After explaining Yom Kippur and its meaning to teachers in the chemistry department, Levy still wasn’t excused from her class.
“My dad passed away a couple years ago, and I explained that in my email that I wanted to go to Yizkor,” Levy said. “It’s a bunch of prayers you can only say that day, a very spiritual day. I explained that all, gave the whole background of it, and I got the same response.”
The email she received back from the department was less than what she hoped for.
“It was from the department head, and it was ‘We don’t excuse for religious holidays,’ ” Levy said. “I wanted to respond and say, ‘So if my lab was on Christmas?’ ”
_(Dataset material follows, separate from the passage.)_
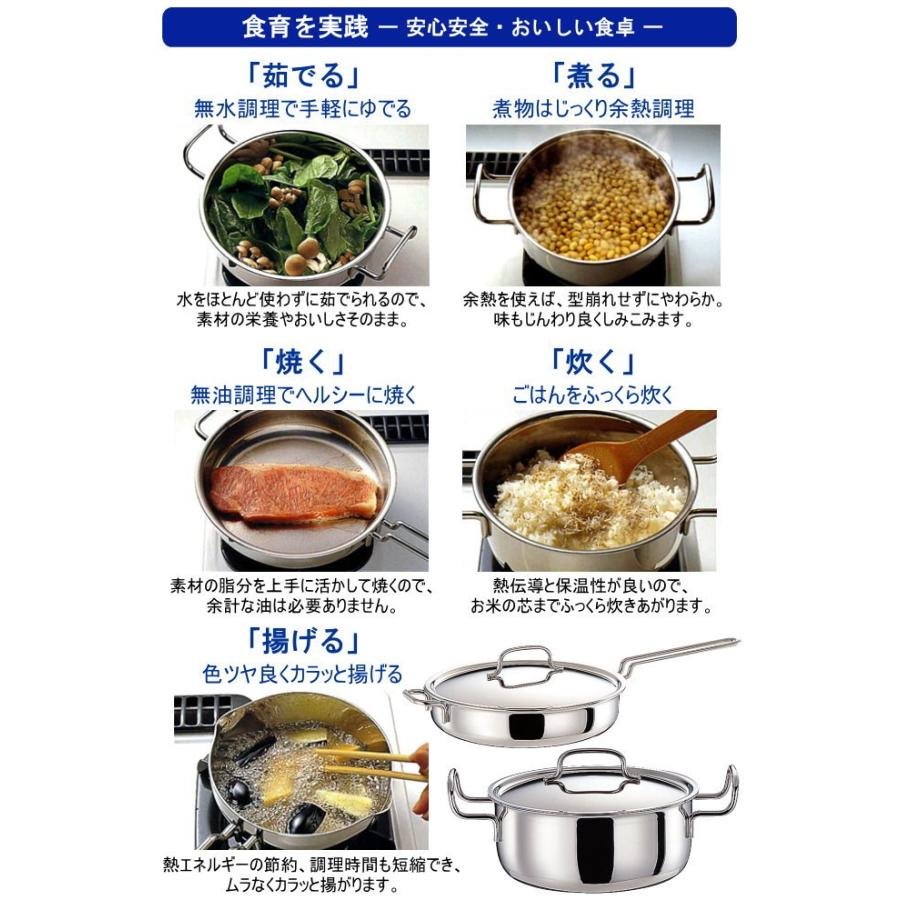 両手鍋 日本製 ステンレス IH対応 GEO PRODUCT シリーズ 両手鍋 18cm 2.0L 2L 新潟県 燕三条 業務用 全面7層構造 IH 200Vの画像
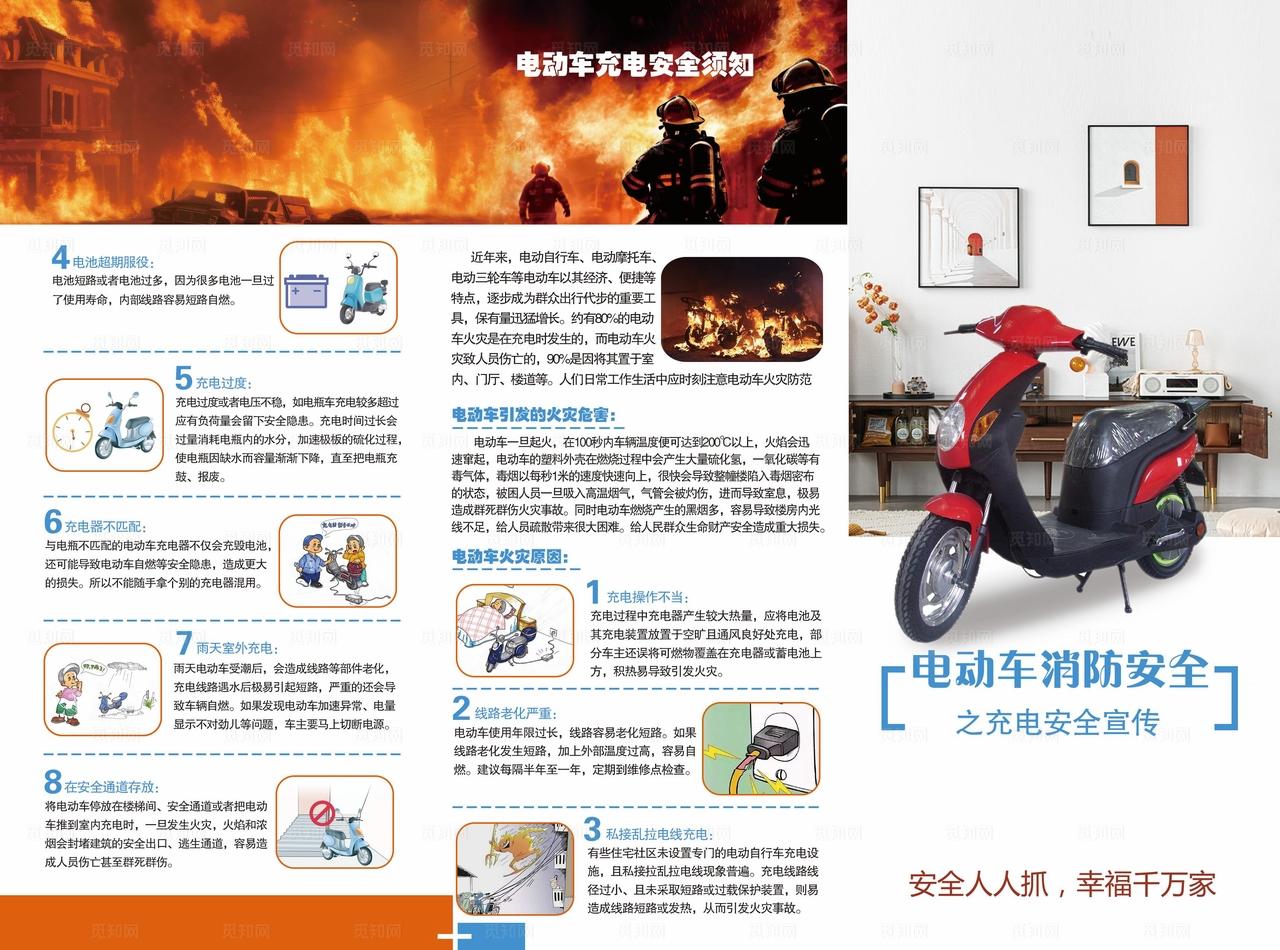 电动车消防安全之充电安全宣传图片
According the chemistry department’s website, they do not have a specific policy on missing classes for religious holidays, and they encourage students to meet the requirements for classes regardless of absence.
While Levy had issues with finding acceptance in academic departments at the University, she has positive experiences of understanding and inclusivity as well.
“I’m in a pretty notoriously religious sorority, a lot of Christian girls,” Levy said. “They asked me to do devotionals in chapter and explain some of the stuff about my religion and holidays, really making sure I felt comfortable. And there are only like four of us in the sorority who are Jewish, so really making that effort and going out of their way to make sure I felt comfortable is a huge deal. If your sorority can do that, the school should be able to.”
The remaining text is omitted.